(Captioned web images)

-- Opening Marker --

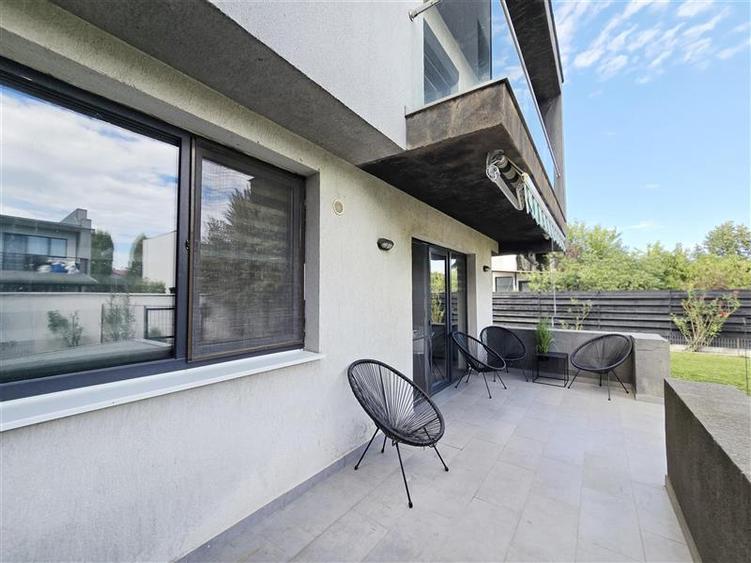 Duplex cu 4 camere cu Canalizare în Domnești
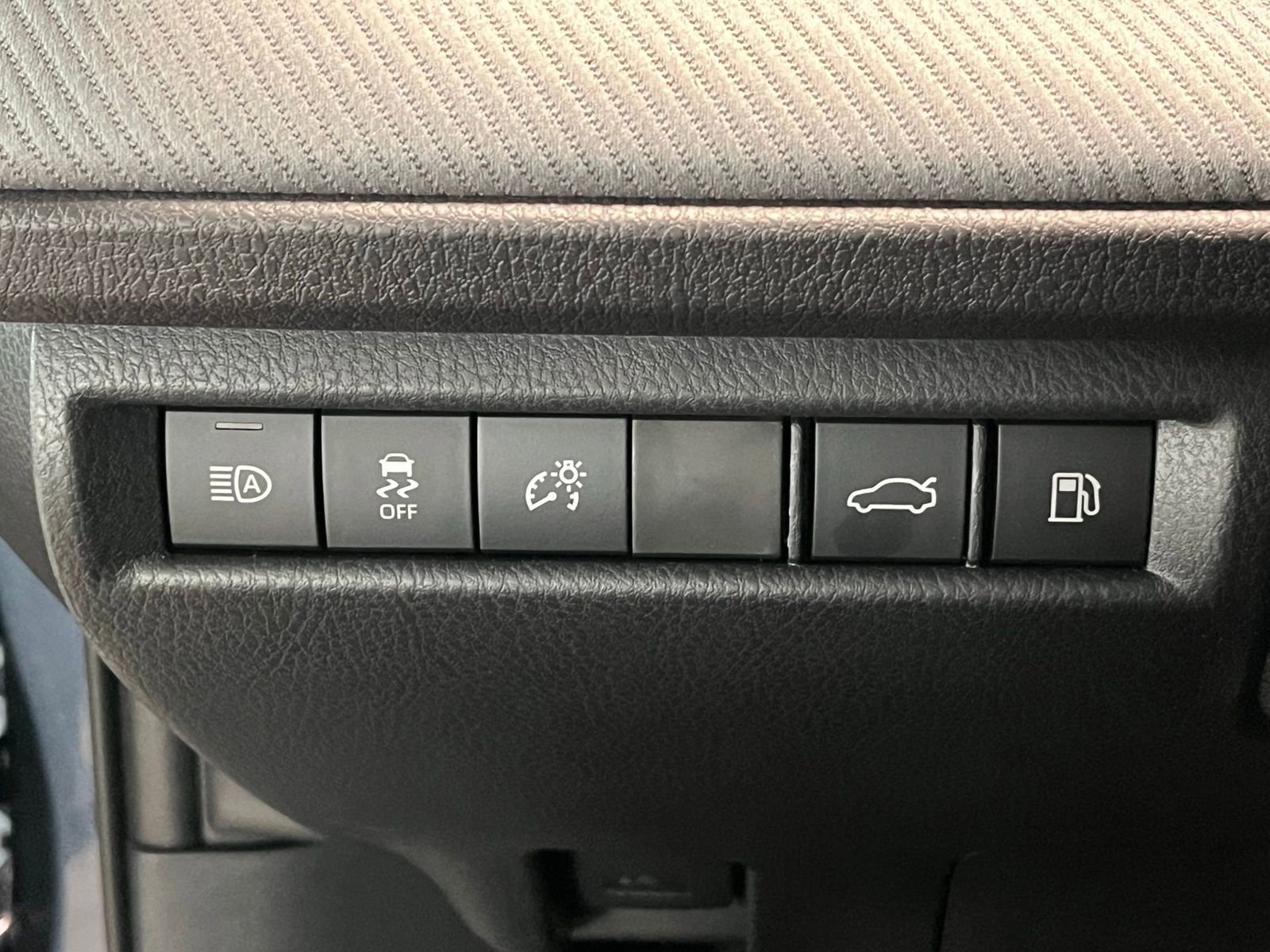 New 2026 Toyota Camry SE FWD image 31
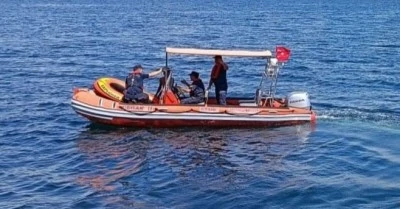  Mudanya'da şişme botuyla denize a&ccedil;ılan gen&ccedil; panikleyince s&uuml;r&uuml;klenmeye başladı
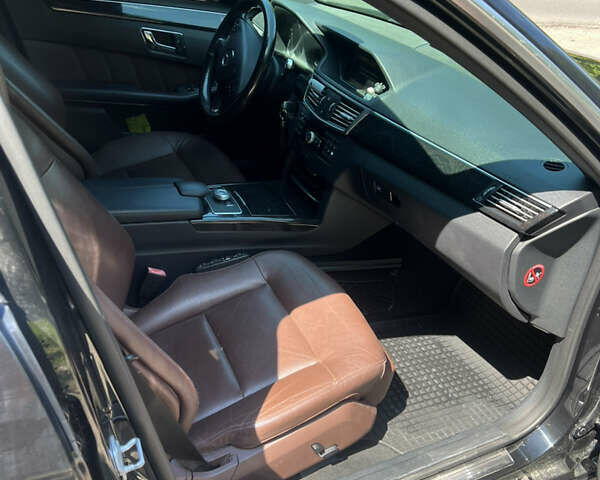 Чорний Мерседес Е-Клас, об'ємом двигуна 2.99 л та пробігом 314 тис. км за 11000 $, фото 19 на Automoto.ua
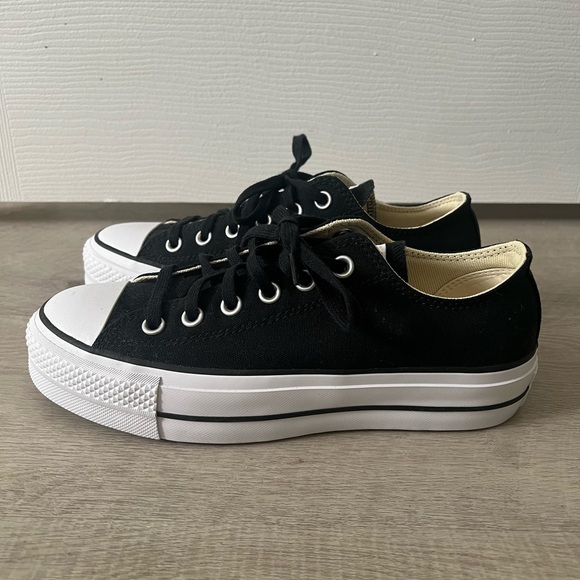 NEW Converse Chuck Taylor All Star Platform SZ 8 Black - Picture 3 of 10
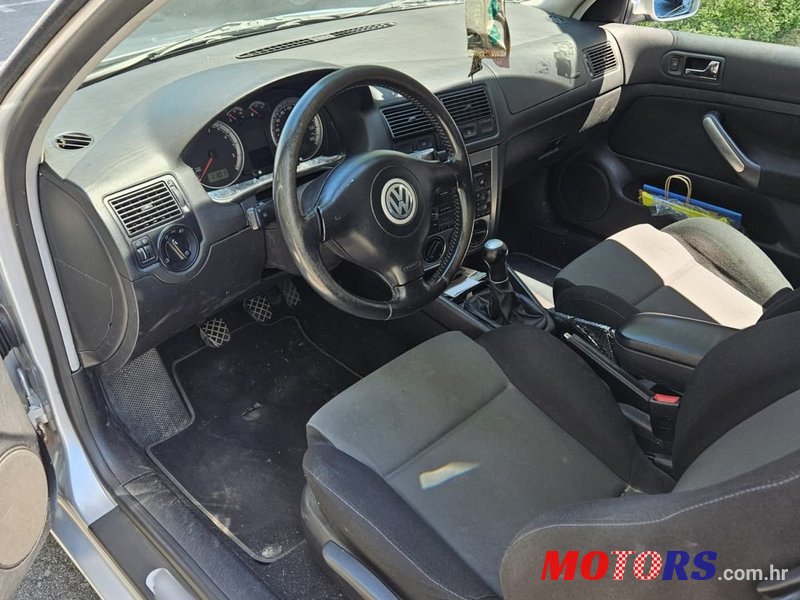 2001' Volkswagen Golf IV 1,9 Tdi photo #2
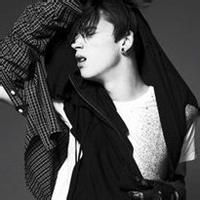 拿烟男生霸气拽头像图片_WWW.WHOISQQ.COM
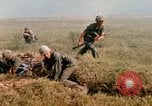 Immagine di Soldati americani Il Vietnam, 1966, secondo 44 filmato di repertorio 65675065758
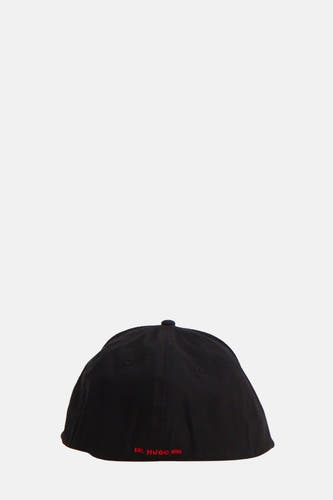 Chapeau noir de HUGO, avec "Est. HUGO 1993" en rouge sur le dos.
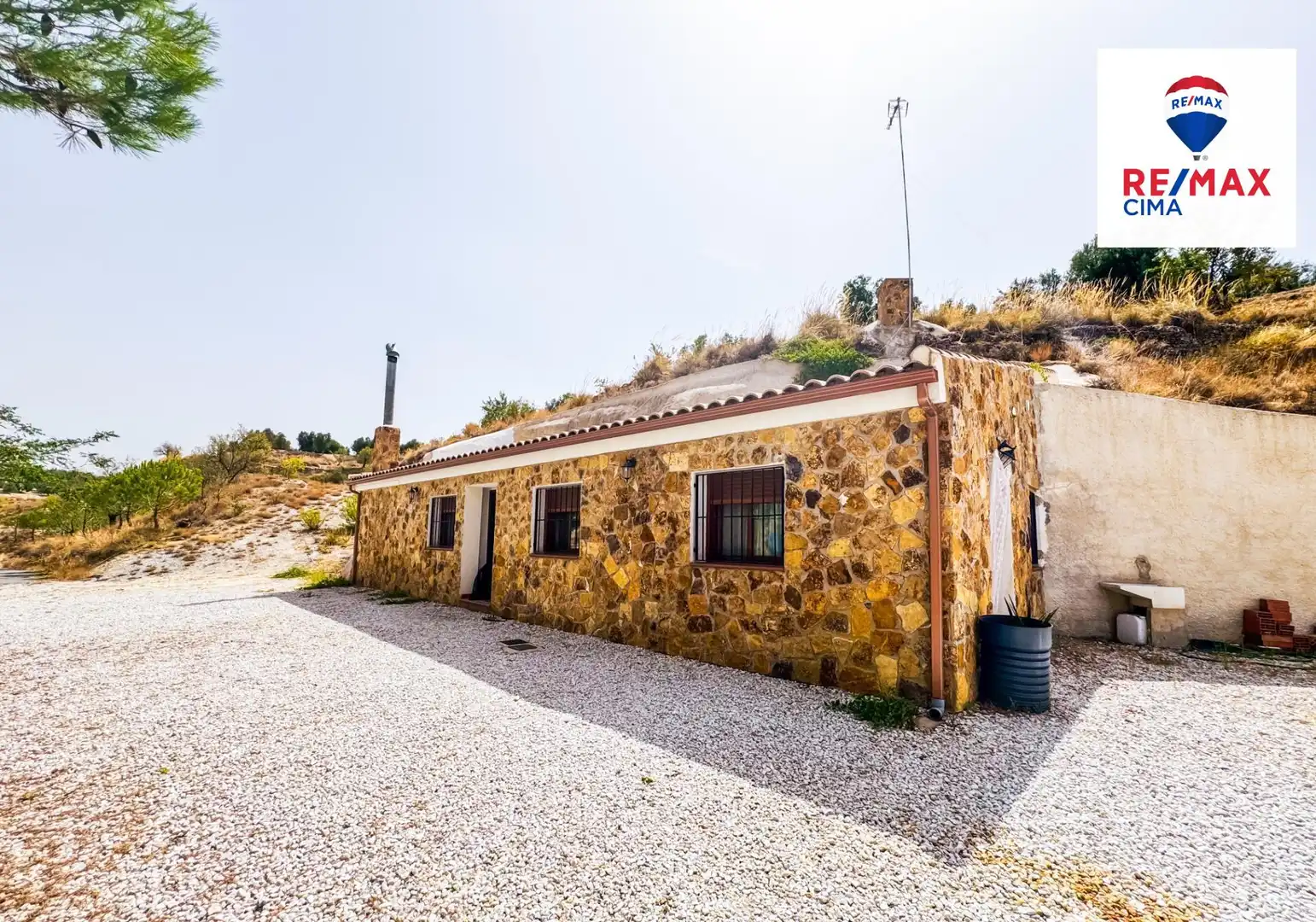 Vista exterior de Casa o xalet en venda en Cuevas del Campo amb Terrassa i Moblat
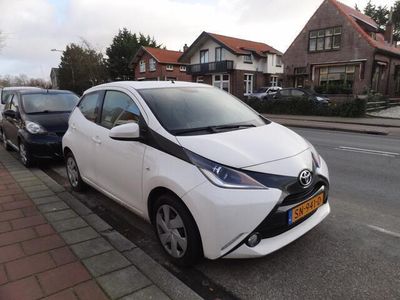 tweedehands Toyota Aygo 1.0 VVT-i x-play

-- Closing Marker --

Find the line containing "拿烟男生霸气拽头像图片_WWW.WHOISQQ.COM" in the records above and restate it, and each line after it through the end, word for word, dropping the pictures.

SOLUTION FOR THIS EXERCISE:
 拿烟男生霸气拽头像图片_WWW.WHOISQQ.COM
 Immagine di Soldati americani Il Vietnam, 1966, secondo 44 filmato di repertorio 65675065758
 Chapeau noir de HUGO, avec "Est. HUGO 1993" en rouge sur le dos.
 Vista exterior de Casa o xalet en venda en Cuevas del Campo amb Terrassa i Moblat
 tweedehands Toyota Aygo 1.0 VVT-i x-play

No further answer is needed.